Hace ya algunos años, el presidente David O. McKay, en ese entonces Presidente de la Iglesia, vino a Argentina, y presidió una reunión que se llevó a cabo en uno de los renombrados teatros de esta ciudad. Fueron muchas las personas que le acompañaron desde el aeropuerto y también las que asistieron a la reunión que se realizó, y entre éstas hubo una persona que no conocía mucho sobre la Iglesia; se trataba del editor de un periódico local. Cuando regresó a su oficina después de la reunión, se sentó detrás de su escritorio y por el espacio de algunos minutos su mirada se perdió en el vacío. (Ya sabéis que a menudo uno se sienta a meditar, dejando que sus pensamientos vaguen libremente.) En esa posición permaneció por unos momentos hasta que su jefe, quien en esos momentos pasaba por la oficina, advirtió su abstracción y acercándose le preguntó: “Juan, ¿en qué piensas que estás tan ensimismado?” Juan suspiró profundamente, miró al jefe a los ojos y le dijo: “Señor, hoy escuché a un Profeta de Dios”.

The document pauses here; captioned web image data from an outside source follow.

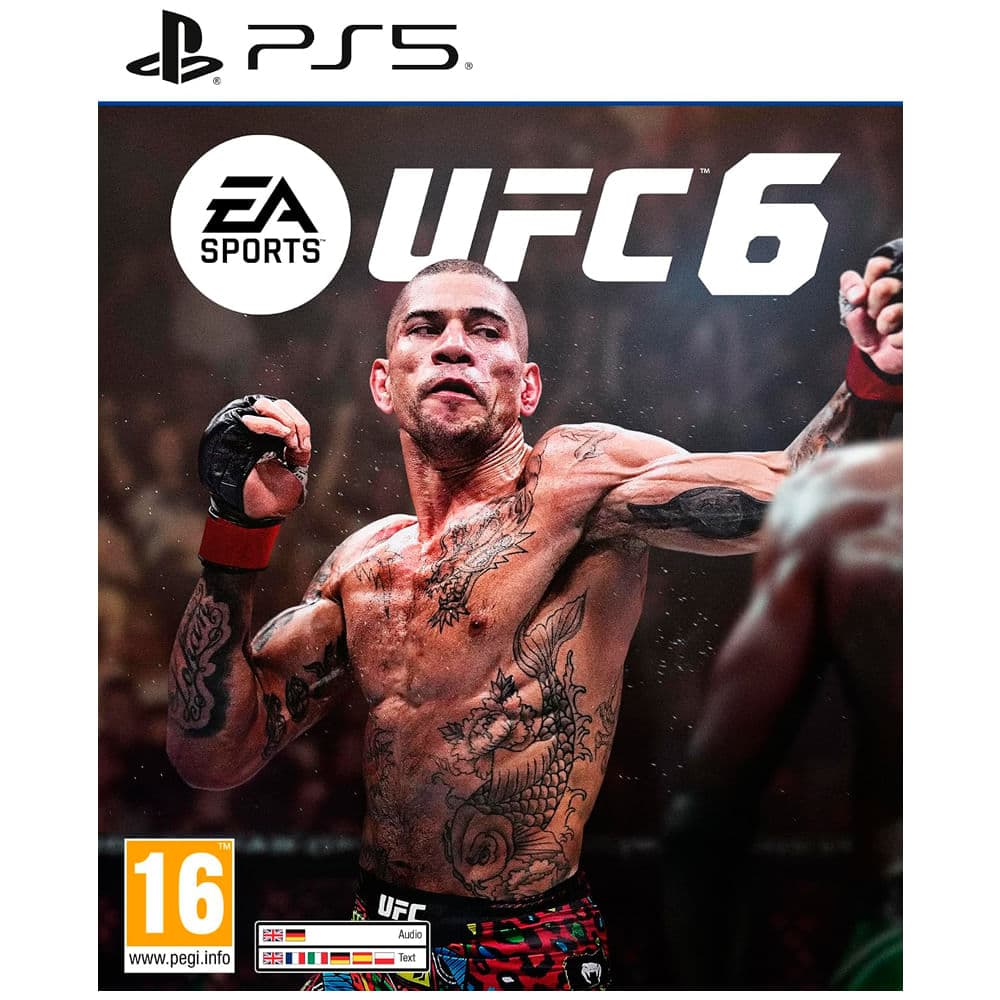 Juego MMA EA SPORTS UFC 6 para PlayStation 5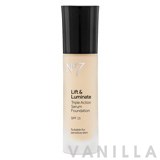 No7 Lift & Luminate Triple Action Serum Foundation SPF15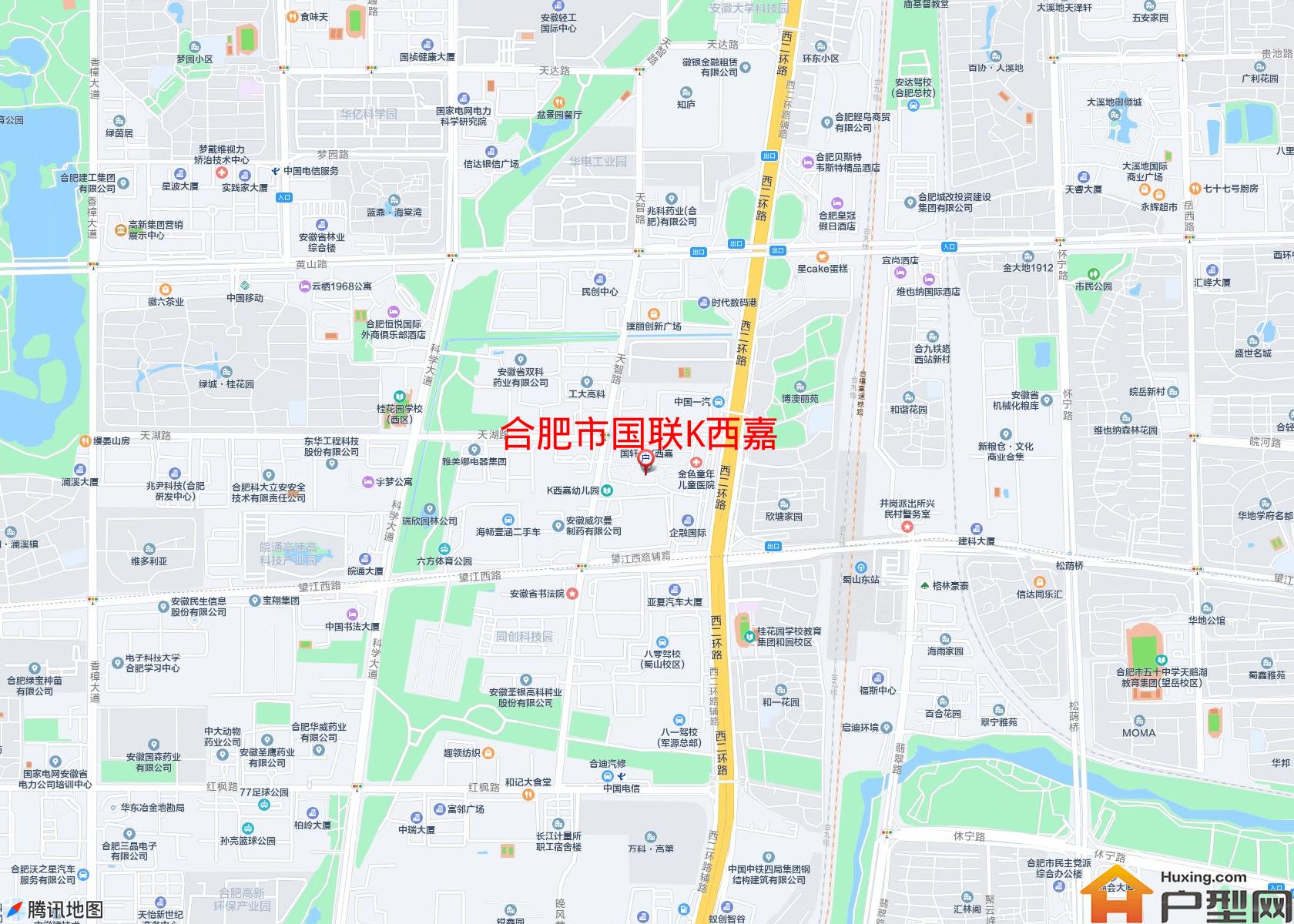 国联K西嘉小区 - 户型网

En esta oportunidad deseo hablaros sobre el Sacerdocio. El élder Packer nos ha dejado un magnífico discurso sobre el tema, y ahora quisiera referirme a otro aspecto del mismo.
A aquellos de vosotros que sois los padres de las generaciones futuras, os digo que todo lo que hagáis ahora marcará el ritmo de aquello que vendrá dentro de algunos años. Si les falláis a vuestros hijos, el daño que causaréis será cuantioso. Esto trae a la memoria la escritura que dice:
“¿Por qué me llamáis, Señor, Señor, y no hacéis lo que yo digo?” (Lucas 6:46.)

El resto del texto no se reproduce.